Only lines containing "fine" belong in the answer, each copied from the entries below.

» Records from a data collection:
*** Begin section ***

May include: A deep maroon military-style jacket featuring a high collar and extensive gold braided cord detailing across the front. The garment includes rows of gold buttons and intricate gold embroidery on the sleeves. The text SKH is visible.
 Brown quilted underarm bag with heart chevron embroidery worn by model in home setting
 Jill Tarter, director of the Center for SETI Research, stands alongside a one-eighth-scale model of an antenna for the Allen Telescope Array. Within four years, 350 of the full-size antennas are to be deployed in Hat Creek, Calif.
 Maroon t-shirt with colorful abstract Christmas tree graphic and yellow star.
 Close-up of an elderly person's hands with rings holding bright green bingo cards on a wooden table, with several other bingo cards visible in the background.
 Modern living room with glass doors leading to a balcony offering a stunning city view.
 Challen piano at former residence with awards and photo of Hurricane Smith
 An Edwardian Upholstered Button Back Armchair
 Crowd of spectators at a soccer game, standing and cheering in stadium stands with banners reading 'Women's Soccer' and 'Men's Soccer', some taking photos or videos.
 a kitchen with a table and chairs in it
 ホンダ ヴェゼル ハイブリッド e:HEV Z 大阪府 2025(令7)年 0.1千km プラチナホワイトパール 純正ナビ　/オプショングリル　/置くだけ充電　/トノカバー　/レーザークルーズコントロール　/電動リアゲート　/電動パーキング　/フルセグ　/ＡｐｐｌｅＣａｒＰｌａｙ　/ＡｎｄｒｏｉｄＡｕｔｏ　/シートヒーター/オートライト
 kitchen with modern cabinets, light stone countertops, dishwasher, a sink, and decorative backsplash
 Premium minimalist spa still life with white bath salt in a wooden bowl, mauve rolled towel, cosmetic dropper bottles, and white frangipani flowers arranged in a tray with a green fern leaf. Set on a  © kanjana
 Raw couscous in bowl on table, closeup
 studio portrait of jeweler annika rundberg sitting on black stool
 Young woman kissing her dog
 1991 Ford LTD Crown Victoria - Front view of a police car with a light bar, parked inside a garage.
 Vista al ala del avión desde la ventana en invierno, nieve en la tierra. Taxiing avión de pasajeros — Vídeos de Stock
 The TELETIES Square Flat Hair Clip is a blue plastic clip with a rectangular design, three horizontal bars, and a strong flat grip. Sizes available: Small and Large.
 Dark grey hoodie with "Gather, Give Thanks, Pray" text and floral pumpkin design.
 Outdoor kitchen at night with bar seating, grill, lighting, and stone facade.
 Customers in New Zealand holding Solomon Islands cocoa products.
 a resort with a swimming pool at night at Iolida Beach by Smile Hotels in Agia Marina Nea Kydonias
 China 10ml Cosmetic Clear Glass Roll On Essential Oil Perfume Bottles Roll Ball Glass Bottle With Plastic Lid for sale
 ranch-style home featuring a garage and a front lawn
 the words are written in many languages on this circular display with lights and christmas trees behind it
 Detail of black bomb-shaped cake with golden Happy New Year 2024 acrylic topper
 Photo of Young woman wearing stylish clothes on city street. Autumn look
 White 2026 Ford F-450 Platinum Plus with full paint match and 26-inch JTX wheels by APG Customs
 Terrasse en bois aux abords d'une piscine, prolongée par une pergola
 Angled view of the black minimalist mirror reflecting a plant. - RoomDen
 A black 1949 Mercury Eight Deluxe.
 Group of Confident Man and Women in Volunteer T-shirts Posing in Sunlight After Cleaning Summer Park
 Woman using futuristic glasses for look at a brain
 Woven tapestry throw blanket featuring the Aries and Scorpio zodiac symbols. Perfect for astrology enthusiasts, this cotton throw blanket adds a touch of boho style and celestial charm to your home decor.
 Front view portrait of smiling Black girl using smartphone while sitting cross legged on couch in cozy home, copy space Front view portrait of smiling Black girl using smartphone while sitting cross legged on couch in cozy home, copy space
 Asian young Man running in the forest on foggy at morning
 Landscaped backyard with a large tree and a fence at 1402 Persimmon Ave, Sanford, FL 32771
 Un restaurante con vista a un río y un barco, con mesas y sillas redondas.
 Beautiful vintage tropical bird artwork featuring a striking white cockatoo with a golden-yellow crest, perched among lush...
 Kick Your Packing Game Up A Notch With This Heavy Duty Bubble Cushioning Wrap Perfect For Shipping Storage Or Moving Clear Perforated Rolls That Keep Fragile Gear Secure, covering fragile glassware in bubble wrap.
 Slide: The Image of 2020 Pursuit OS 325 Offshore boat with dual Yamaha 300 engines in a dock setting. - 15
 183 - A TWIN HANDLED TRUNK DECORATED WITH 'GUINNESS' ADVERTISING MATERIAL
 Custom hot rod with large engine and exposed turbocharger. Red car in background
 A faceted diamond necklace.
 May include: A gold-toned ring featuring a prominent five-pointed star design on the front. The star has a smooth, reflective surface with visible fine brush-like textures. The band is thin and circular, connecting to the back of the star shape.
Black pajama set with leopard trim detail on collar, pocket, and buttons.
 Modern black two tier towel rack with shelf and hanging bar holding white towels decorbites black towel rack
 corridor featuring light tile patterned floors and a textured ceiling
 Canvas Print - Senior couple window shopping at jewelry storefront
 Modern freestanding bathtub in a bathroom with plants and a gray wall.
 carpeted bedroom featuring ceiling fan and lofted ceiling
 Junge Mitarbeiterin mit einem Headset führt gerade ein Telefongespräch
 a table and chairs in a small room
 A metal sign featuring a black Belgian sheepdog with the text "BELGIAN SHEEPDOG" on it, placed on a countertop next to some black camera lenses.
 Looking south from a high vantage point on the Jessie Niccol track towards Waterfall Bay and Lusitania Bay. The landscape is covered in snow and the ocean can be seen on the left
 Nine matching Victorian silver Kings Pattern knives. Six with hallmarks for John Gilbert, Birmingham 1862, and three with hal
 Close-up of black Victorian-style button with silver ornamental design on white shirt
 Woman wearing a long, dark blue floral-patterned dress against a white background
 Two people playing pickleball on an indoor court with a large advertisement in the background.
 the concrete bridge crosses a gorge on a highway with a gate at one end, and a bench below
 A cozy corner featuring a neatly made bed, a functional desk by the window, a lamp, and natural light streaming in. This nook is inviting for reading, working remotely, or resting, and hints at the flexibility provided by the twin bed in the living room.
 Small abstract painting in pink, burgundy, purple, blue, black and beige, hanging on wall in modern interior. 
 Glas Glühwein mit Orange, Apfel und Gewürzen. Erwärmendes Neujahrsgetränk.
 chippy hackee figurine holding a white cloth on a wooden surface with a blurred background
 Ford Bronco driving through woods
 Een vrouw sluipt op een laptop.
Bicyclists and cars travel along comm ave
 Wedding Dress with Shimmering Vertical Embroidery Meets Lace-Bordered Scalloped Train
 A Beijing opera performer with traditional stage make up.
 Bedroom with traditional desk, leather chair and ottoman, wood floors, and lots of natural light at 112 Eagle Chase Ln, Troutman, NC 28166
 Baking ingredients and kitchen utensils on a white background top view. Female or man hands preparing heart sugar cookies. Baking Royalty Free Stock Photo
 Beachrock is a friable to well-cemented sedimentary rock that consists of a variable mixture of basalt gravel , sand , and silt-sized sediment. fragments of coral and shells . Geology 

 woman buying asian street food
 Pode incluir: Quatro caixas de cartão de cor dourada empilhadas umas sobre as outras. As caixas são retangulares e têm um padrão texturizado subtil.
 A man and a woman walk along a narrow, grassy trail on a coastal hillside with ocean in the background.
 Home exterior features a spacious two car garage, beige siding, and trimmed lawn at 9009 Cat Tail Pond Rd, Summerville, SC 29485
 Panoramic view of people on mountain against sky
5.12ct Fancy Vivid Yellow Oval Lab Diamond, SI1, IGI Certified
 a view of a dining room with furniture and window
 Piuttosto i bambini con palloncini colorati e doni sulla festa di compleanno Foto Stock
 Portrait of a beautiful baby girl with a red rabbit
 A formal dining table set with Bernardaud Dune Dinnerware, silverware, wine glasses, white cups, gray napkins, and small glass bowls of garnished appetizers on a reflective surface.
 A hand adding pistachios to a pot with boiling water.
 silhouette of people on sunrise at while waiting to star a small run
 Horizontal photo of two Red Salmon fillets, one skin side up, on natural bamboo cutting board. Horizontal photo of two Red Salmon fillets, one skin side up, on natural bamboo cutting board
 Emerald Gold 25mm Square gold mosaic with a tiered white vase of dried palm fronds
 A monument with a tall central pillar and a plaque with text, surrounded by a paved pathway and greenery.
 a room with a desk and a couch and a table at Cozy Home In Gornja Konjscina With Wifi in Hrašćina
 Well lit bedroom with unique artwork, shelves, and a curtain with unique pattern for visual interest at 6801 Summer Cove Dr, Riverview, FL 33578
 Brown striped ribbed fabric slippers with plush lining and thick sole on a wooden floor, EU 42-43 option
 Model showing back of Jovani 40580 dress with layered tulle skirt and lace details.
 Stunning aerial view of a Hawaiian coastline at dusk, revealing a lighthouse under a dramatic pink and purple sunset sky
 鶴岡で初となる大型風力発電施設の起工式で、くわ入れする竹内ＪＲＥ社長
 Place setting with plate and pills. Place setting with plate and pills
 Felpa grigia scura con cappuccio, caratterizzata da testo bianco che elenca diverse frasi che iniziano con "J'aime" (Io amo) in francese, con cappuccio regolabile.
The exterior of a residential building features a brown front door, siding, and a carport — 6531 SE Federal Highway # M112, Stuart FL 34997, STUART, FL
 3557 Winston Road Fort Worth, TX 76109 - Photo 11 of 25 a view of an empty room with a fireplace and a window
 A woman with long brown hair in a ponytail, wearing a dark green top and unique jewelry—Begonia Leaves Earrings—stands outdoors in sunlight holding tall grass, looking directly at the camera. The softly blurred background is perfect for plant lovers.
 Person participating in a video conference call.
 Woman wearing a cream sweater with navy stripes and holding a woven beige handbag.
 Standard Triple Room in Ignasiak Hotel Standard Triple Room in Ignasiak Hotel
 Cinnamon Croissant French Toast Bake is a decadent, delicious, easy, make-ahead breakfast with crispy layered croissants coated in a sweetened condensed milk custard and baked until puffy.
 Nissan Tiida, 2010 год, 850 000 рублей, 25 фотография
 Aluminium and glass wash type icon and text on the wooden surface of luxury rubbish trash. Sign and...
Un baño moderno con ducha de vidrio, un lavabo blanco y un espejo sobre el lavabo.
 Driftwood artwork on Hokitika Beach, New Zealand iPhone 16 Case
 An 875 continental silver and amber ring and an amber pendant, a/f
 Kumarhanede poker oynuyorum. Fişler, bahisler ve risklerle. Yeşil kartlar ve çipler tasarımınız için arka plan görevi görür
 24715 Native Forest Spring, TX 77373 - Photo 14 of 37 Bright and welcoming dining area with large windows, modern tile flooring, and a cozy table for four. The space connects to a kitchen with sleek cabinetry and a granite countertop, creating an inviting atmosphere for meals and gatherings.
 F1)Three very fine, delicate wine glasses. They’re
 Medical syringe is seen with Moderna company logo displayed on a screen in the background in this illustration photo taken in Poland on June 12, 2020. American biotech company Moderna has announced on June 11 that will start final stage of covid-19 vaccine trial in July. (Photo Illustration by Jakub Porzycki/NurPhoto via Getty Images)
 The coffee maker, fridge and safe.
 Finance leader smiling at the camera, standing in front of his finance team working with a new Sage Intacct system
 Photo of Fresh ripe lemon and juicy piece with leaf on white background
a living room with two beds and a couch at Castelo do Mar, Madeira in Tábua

*** End section ***

» SOLUTION TO THIS TASK:
 May include: A gold-toned ring featuring a prominent five-pointed star design on the front. The star has a smooth, reflective surface with visible fine brush-like textures. The band is thin and circular, connecting to the back of the star shape.
 F1)Three very fine, delicate wine glasses. They’re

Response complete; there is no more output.